The official word from the State Canvassing Board Wednesday was that It would not add rejected absentee ballots to the U.S. Senate race recount. But the discussion surrounding one small subset of those rejected ballots -- those that were mistakenly rejected on Election Day by local election judges -- strongly implied that, one way or another, those ballots eventually will be added to the vote totals of GOP Sen. Norm Coleman and DFL challenger Al Franken.

They should be. An election judge's error should not bar any legitimate ballot from being counted.

But the who and how of a decision to put those mistakenly excluded ballots into the count remained unclear after yesterday's meeting. The Cavassing Board punted the question about whether and how to identify those ballots to a future meeting, likely next week. It asked the attorney general's office to offer advice about the options before the board.

At one point during the meeting, a consensus appeared to be forming around asking county election administrators to sort rejected absentee ballots into categories, as proposed Tuesday by Hennepin County Attorney Mike Freeman. Four categories would be those that failed one of the four tests for authenticity spelled out in statute. A "fifth pile" would be ballots rejected for no clear reason, or rejected erroneously. But the board appeared divided over whether the disposition of the "fifth pile" could be determined by the Canvassing Board, or would take a court order.

This newspaper said Tuesday that we think a court ought to resolve the question. It would put the fate of those ballots on firmer legal ground, and ought to enhance the public's confidence in the process.
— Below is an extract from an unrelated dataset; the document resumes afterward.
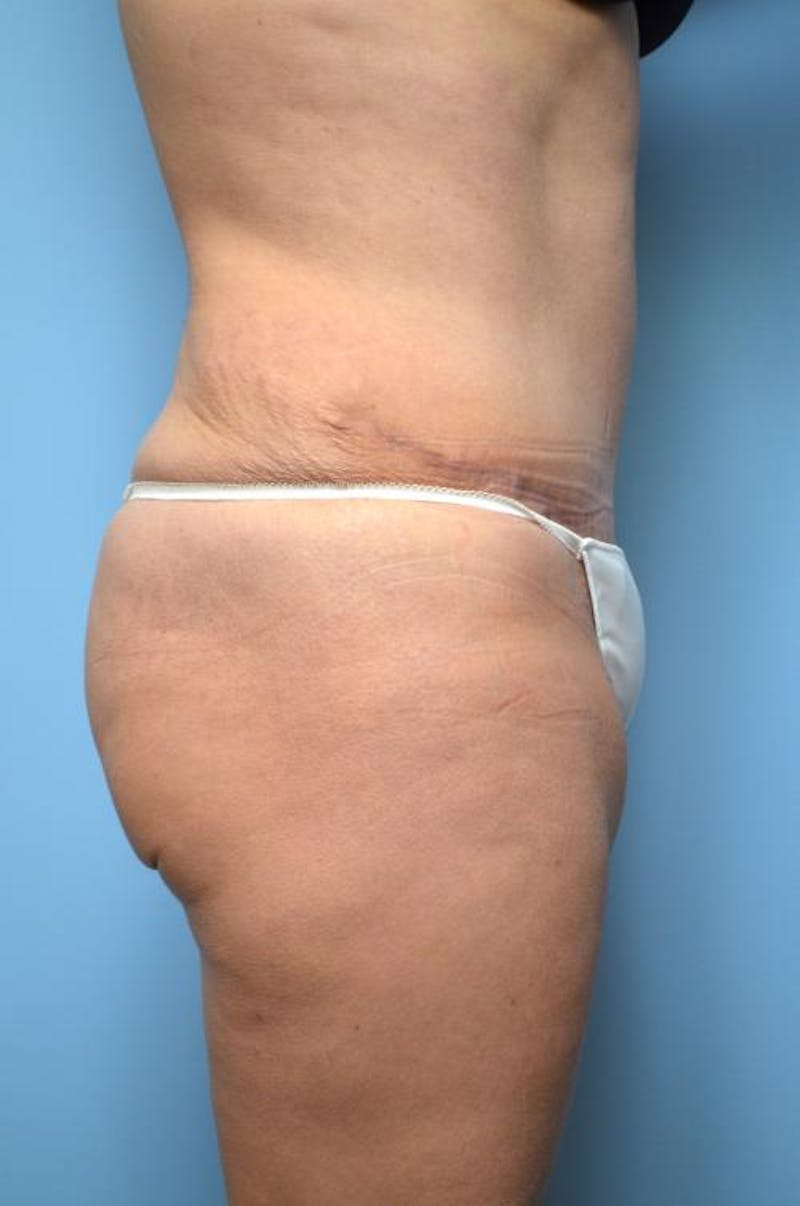 Tummy Tuck Before & After Gallery - Patient 375372 - Image 6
Secretary of State Mark Ritchie indicated at one point that there could be 500 to 1,000 ballots that may have been erroneously rejected on Election Day, though later he appeared to back off from a number that high. With the tally as of this writing giving Coleman a 243-vote lead, it would not take many ballots to make a difference in the outcome. But as Canvassing Board member Kathleen Gearin, a Ramsey County district court judge, said, the real reason to open and count absentee ballots that should have been counted on Election Day is respect for Minnesota voters. If they do their part to comply with election rules, they deserve to have their votes counted.